Somewhere Henry Ford is Smiling

Somewhere Henry Ford is Smiling

Henry Ford revolutionized car manufacturing by inventing the moving assembly line. Besides saving time and money, that new process made the Model T affordable and ubiquitous. Today, thousands of vehicle plants around the world still use that method.

Using Ford’s method, modern vehicle assembly lines are a moving and sequential process where a car’s frame—called box or cage—moves down the line, then workers and their cobots shoehorn components—wiring, electronics, dashboard rugs, doors—into the cage. Wrangling oversized components through space-restricted door or windshield openings is complicated and time-consuming, but car companies have it down to a science.

But what if you came at the concept in a completely different way? Standing on Ford’s manufacturing shoulders, Tesla just patented a revolutionary auto manufacturing process called “unboxed manufacturing.” Tesla’s plan is to build the car’s contents on a flat and open, accessible platform called a skateboard, and then close it off at the very end. The skateboard is the car’s floor with the battery pack underneath.

This unboxed method aims to reduce factory footprints and cut production costs in half, while manufacturing at blazing speeds. Two new Tesla patents outline how it intends to turn this manufacturing method from vision to reality.

Tesla begins with 5 parallel module assemblies: skateboard, front module (suspension, steering, dashboard), rear module (suspension, drive unit), and left and right sides (doors, windows, charge port, trim, controls).

Here’s where the magic happens. Once the floor, front, and rear modules are joined into a single, drivable chassis, the sides of the car are attached. This is the most beneficial change in the assembly line process because it leaves the vehicle completely open from the sides and top during the most complex and previously space-restricted assembly stages. Now more hands and cobots can drive faster internal construction while the skateboard speeds down the line.

This genius idea relies on a new era of inbound logistics performance. Inbound Logistics began thinking about how to flip push supply to pull supply 40 years ago.

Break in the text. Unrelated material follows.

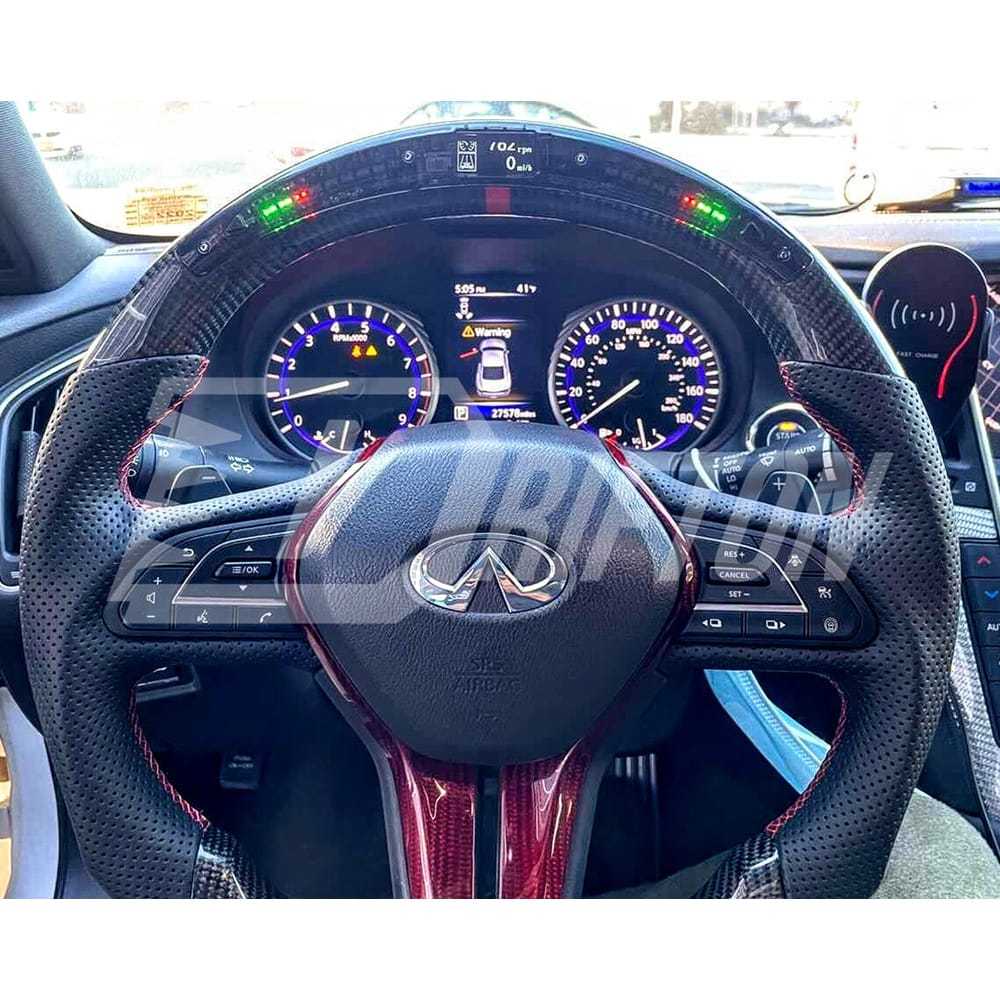 Drifton V4 Style Custom Made LED Display Carbon Fiber Steering Wheel For Infiniti Q50 Q50S 2018-2024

With unboxed, we’re talking about moving from one assembly line with a dependent supply to feeding 5 assembly lines in smaller factory footprints and running at Elon Musk manufacturing speed. There’s no way that will work without a futuristic upgrade in supply chain controls and supply certainty.

Genius and creativity can flip solid and accepted logistics and manufacturing practices. But both must converge to deliver the unboxed manufacturing idea. When it does, this unboxed method will be copied everywhere, just as Ford’s assembly line process was.

And when that happens, what would Henry Ford think? He’d smile.